If a third party shows up in the user-facing render path, you will see it there. If a number on the privacy page would have changed, you will see that too. Read it alongside this changelog so the privacy-relevant items in 3.0 — Open-Meteo as a server-proxied weather source, the per-install saved-meets backup, push delivery telemetry — are framed in the same place we publish the what and the why.
Headlines
- Weather at the meet. Every meet detail page now shows the forecast for the meet's location and start time, including a precipitation chance and conditions summary. We proxy the data ourselves through a small
/api/weatherendpoint backed by Open-Meteo — see the April Transparency Report for the privacy details. - Cancellation and postponement banner. When an organizer marks a meet
cancelled,postponed, orupdated, the meet detail page now shows a high-contrast banner at the top with the reason and the time it was changed. This is the safety-critical "do not drive 45 minutes for nothing" feature, and it shows even on out-of-date native shells. - Deep links open the app. Tap a
https://detmeets.com/meet/123link in Instagram, Messages, or Mail and it opens directly in the native iOS app at that meet — cold start or warm./saved,/menu, and/mapare also supported; everything else falls through to the system browser as before. - Anonymous server-side backup of saved meets. Each install gets an opaque random identifier on first launch; saved meets and reminder choices are mirrored to the server keyed against that identifier. Two important caveats up front: the server has no idea who you are, and this is per-install, not cross-device — phone Safari, the iOS app, and your laptop browser are three different installs with three unrelated ids and three separate buckets. The real reason the backup exists is so the server can send you the meet-change push notifications below.
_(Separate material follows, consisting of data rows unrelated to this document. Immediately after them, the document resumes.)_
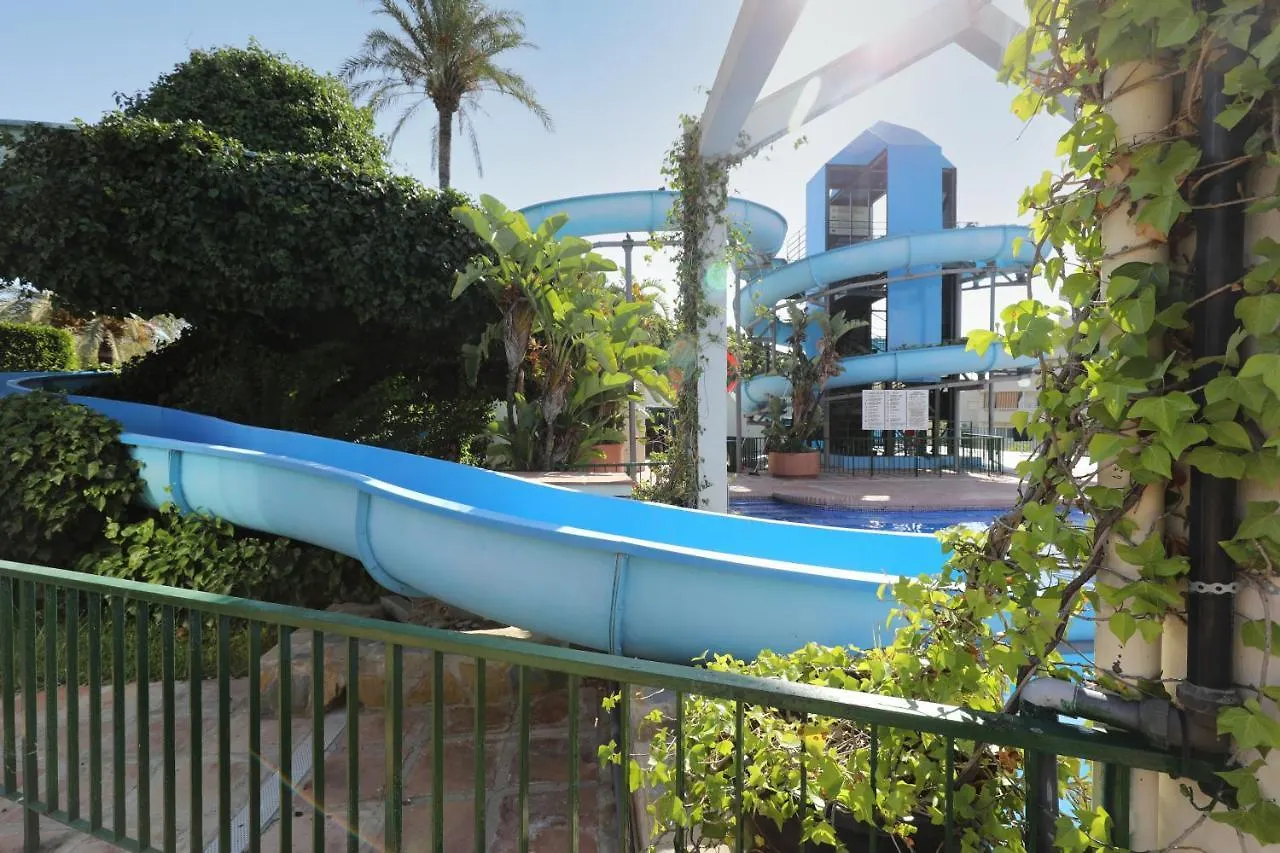 Apartamento 077 - Comfortable Studio In Large Holiday Complex With Water Park Benalmádena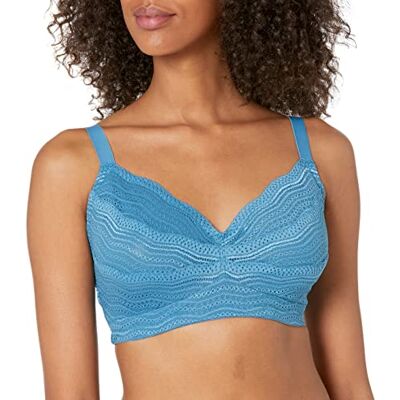 Cosabella womens Dolce Curvy Bralette Bra, Malawi, X-Large US Cosabella womens Dolce Curvy Bralette Bra, Malawi, X-Large US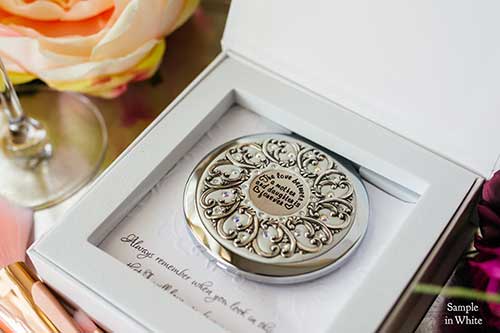 Mother of the Bride Compact Mirror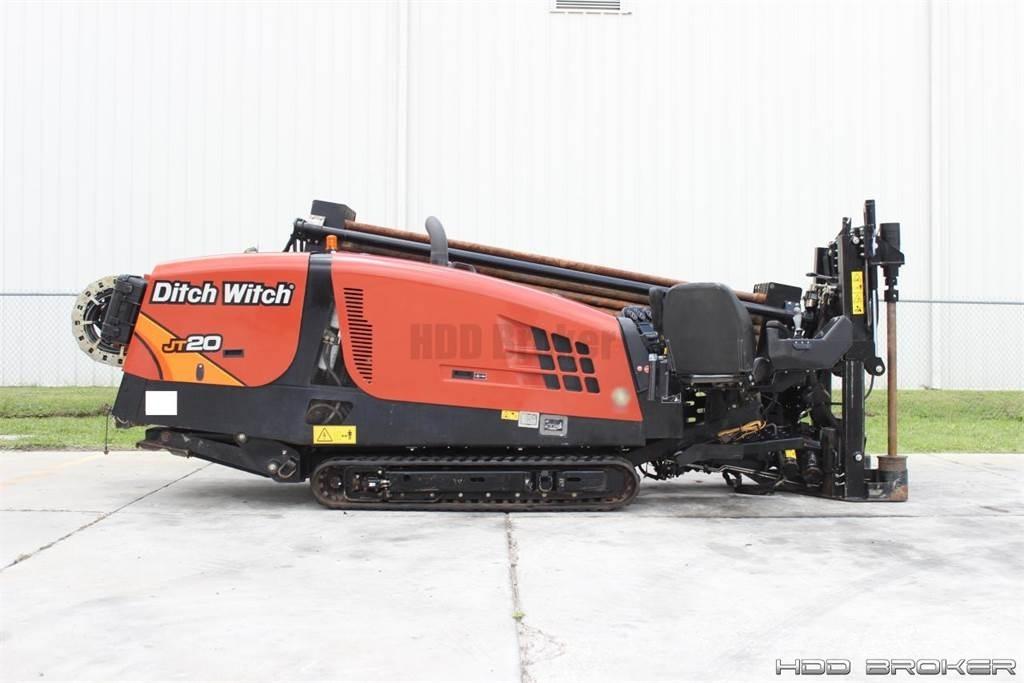 Ditch Witch JT20 Yatay sondaj makineleri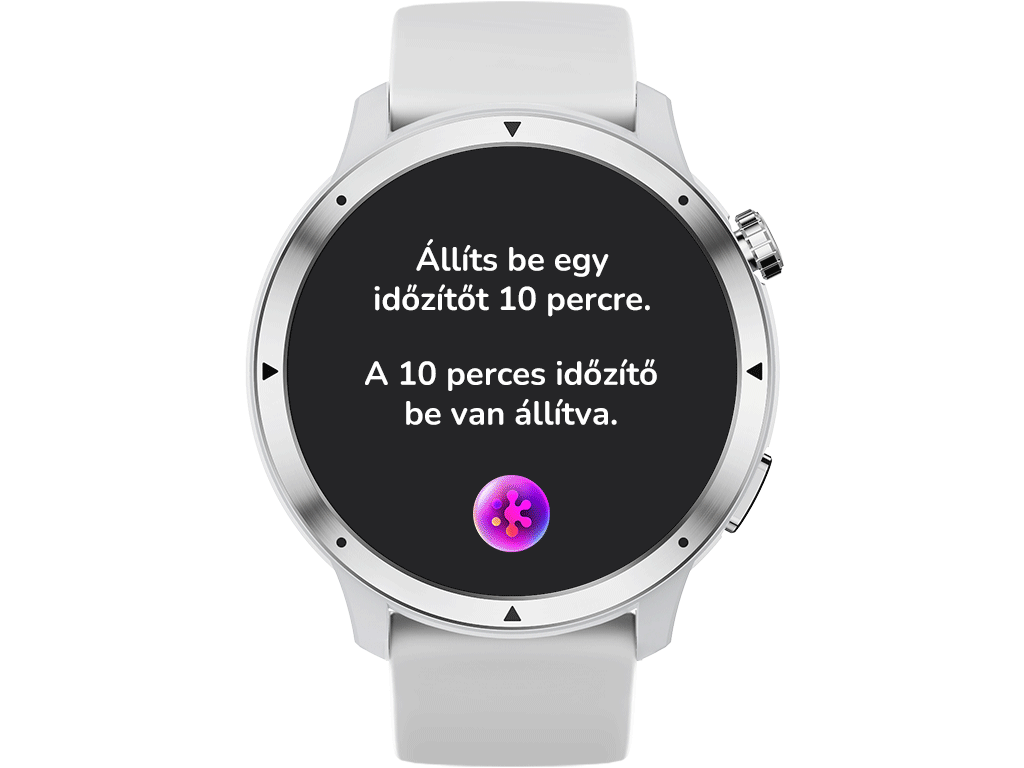 Magyarul beszélő AI-asszisztens a Madvell Talon 3 Pro órán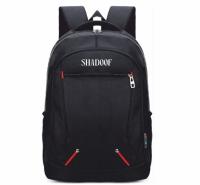 Рюкзак водостойкий PULL красный/черный  Shadoof 2481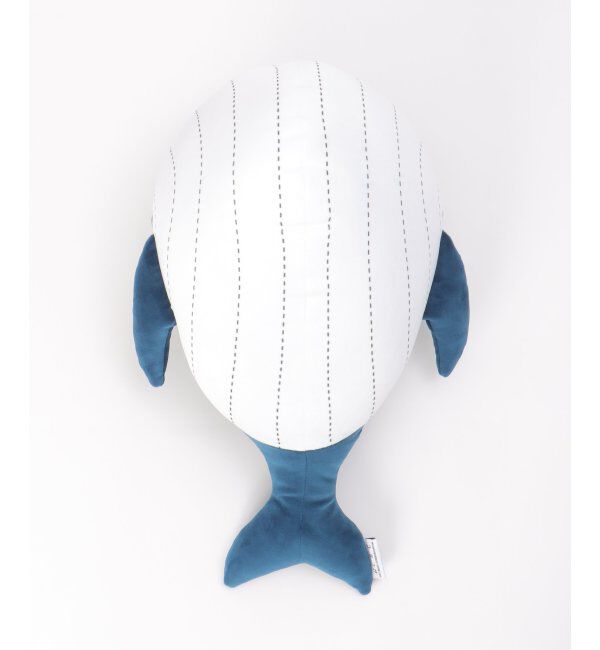 Lbc with Life「クジラ クッション M」|クッション・クッションカバー|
- Waze is in the maps picker alongside Apple Maps and Google Maps. The picker now also tells you which one will be listed first based on your preferred provider.
- Smart reminder presets. Saving a meet now offers a clean set of reminder presets (day before, hour before, time-to-leave) instead of just one fixed slot.
- "Time to head out" nudge. When a saved meet is close in time and the app is foregrounded inside the leave-now window, you'll get a one-off local notification with the live drive estimate. No background polling, no surveillance — only when the app is open.
- App version 3.0 is live in the App Store (build 19). The native shell now also has a built-in update gate, so out-of-date apps can be told to grab the new version when a new server-side feature requires it.
Meet detail
Weather card
A new card near the top of meet detail shows:
- Forecast temperature at the start time, in °F.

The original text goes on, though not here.